We Francji 96 proc dzieci z zespołem Downa są zabijane w okresie prenatalnym, po wykryciu tego schorzenia na drodze badań prenatalnych. Tragiczne dane podał Thierry de la Villejégu, dyrektor generalny Fundacji im. Jérôme Lejeune, francuskiego lekarza i genetyka, odkrywcy przyczyny zespołu Downa.

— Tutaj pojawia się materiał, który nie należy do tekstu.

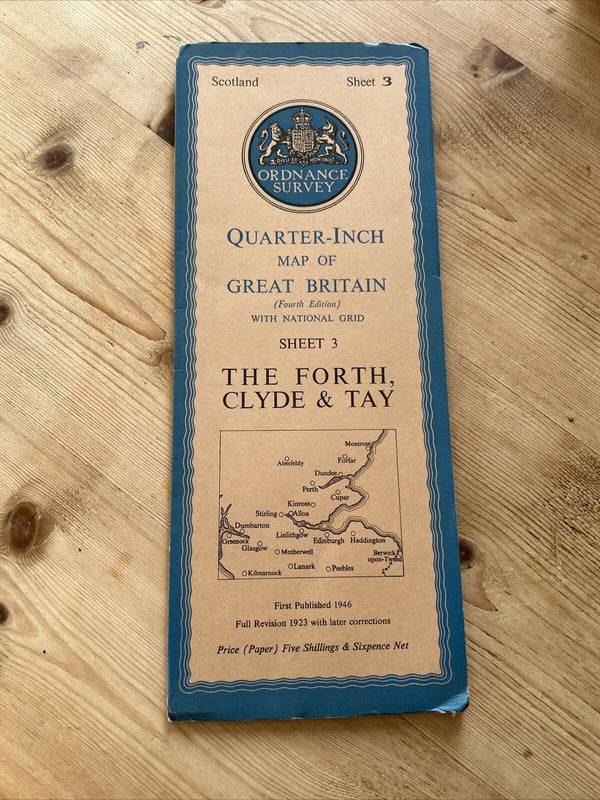 THE FORTH CLYDE & TAY Ordnance Survey Paper Sheet 3 Quarter Inch Map 4th Ed 1946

Dyrektor Fundacji Lejeune podkreślił, że obrona osób dotkniętych zespołem Downa jest sprawą bardzo ważną o życiowym znaczeniu. Wyjaśnia, że osoby te dobrze funkcjonują w społeczeństwie przede wszystkim są zdolni do pracy i pełnego rozwoju ich człowieczeństwa. Wprawdzie możliwości intelektualne osób z zespołem Downa są obniżone, to cechuje ich bardzo silny rozwój życia emocjonalnego i zdolność do empatii, dzięki czemu realizują się w kontaktach międzyludzkich.

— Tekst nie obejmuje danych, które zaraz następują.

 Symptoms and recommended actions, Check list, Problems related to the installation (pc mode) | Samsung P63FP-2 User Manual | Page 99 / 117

Thierry de la Villejégu w rozmowie z portalem Aleteia poinformował, że kierowana przez niego Fundacja – utworzona w 1996 r. obejmuje opieką 8 tys. pacjentów. Około 80 proc. podopiecznych ma zespół Downa. Pomoc świadczy interdyscyplinarny zespół lekarzy w skład którego wchodzi 20 specjalistów wysokiej klasy. Fundacja ta nie otrzymuje żadnej pomocy od państwa. W 100 procentach jest finansowana przez prywatnych darczyńców, na ogół francuskich katolików.

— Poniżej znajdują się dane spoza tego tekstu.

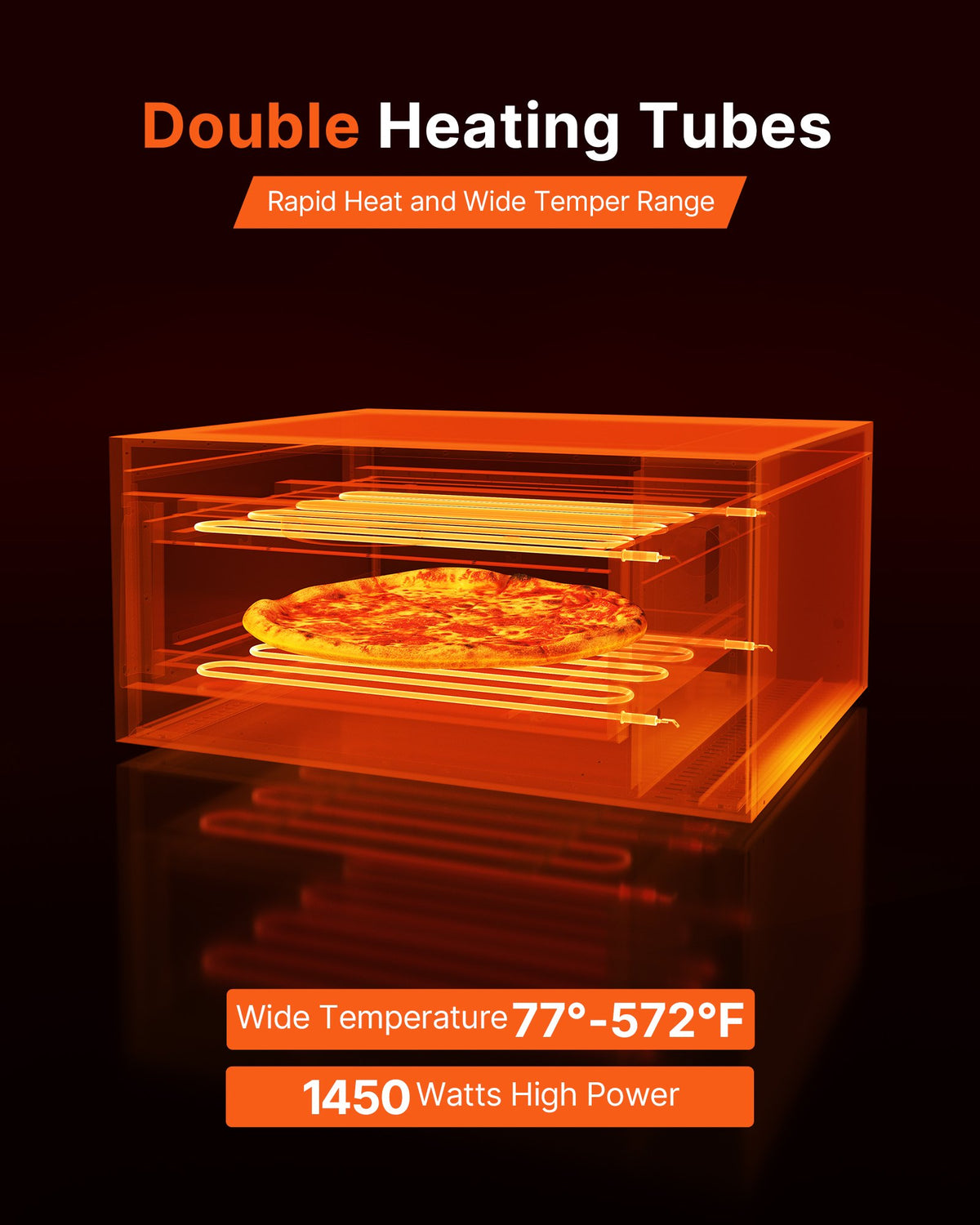 VEVOR Electric Pizza Oven, 12-inch Countertops Pizza Ovens, 572°F Max Temp, 1450W Indoor Pizzas Maker w/Timing & Temp Control, Pizza Cooker w/Dual Heat Tube, Crumb Tray, for Diner and Home Kitchen - CLMDRPSLDCSXPIGL5001V1 - view 4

Thierry de la Villejégu przyznaje, że prowadzona przez Fundację walka o ich życie będzie zawsze aktualna. We współczesnym społeczeństwie jest bowiem „coraz więcej ludzi, chcących uśmiercić osoby słabe, dotknięte upośledzeniem”.
„Warto działać na rzecz ochrony życia najsłabszych, gdyż jeśli skapitulujemy, to najpierw zostaną zlikwidowani najsłabsi, a później my wszyscy”- zauważa Villejégu
Zespół Downa to przede wszystkim odmienność biologiczna człowieka, którego natura wyposażyła w dodatkową informację genetyczną chromosomu 21. To ona właśnie modyfikuje rozwój i kształtuje cechy wyróżniające daną osobę pośród innych ludzi.